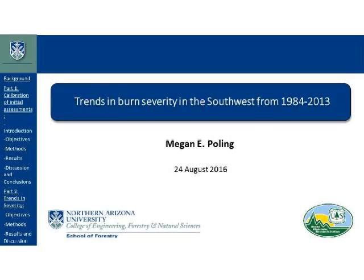I'm going to be presenting my work completed for my master's thesis this past spring, in which we basically set out to answer questions we've all assumed to be true — that fire is getting larger and more severe in the Southwest. Before I get to that, I'll give a brief background on what severity is, why it's important to study, and how we can study it through remote sensing technology. Then I'll talk about the MTBS project, which some of you may already be familiar with.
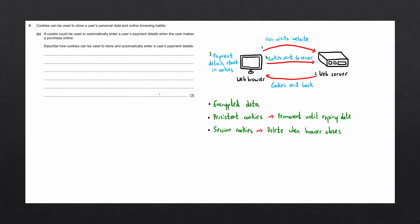So let's go ahead and describe this process in our answer. Bear in mind, we need to give a three mark answer, so we need to give at least three points. Also remember to only answer exactly what the question is asking. Here they want us to describe how cookies are used to store and enter the details. They're not asking us to write out this process as I've outlined in this diagram.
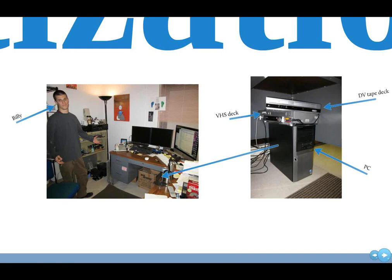The software that we're using is Viddy, V-I-D-I, for ripping VHS and Handbrake for ripping DVD. Once we have those digital files, they're then uploaded into the OVC, the Online Video Collection. That's the video portion of MDID, which stands for the Madison Digital Image Database. That's an in-house developed open source software that many of you might be familiar with.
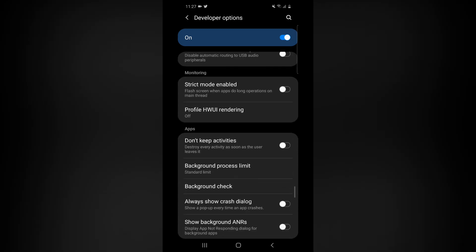There is a 'Don't Keep Activity' option. So, destroy every activity as soon as the user leaves it. You will see the phone performance improve. Then, there is the background. This is the feature — this is the 2nd setting.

§

▸ **Assigned task**
Transcribe all the lines above exactly, apart from the pictures.

▸ **Written reply**
I'm going to be presenting my work completed for my master's thesis this past spring, in which we basically set out to answer questions we've all assumed to be true — that fire is getting larger and more severe in the Southwest. Before I get to that, I'll give a brief background on what severity is, why it's important to study, and how we can study it through remote sensing technology. Then I'll talk about the MTBS project, which some of you may already be familiar with.
So let's go ahead and describe this process in our answer. Bear in mind, we need to give a three mark answer, so we need to give at least three points. Also remember to only answer exactly what the question is asking. Here they want us to describe how cookies are used to store and enter the details. They're not asking us to write out this process as I've outlined in this diagram.
The software that we're using is Viddy, V-I-D-I, for ripping VHS and Handbrake for ripping DVD. Once we have those digital files, they're then uploaded into the OVC, the Online Video Collection. That's the video portion of MDID, which stands for the Madison Digital Image Database. That's an in-house developed open source software that many of you might be familiar with.
There is a 'Don't Keep Activity' option. So, destroy every activity as soon as the user leaves it. You will see the phone performance improve. Then, there is the background. This is the feature — this is the 2nd setting.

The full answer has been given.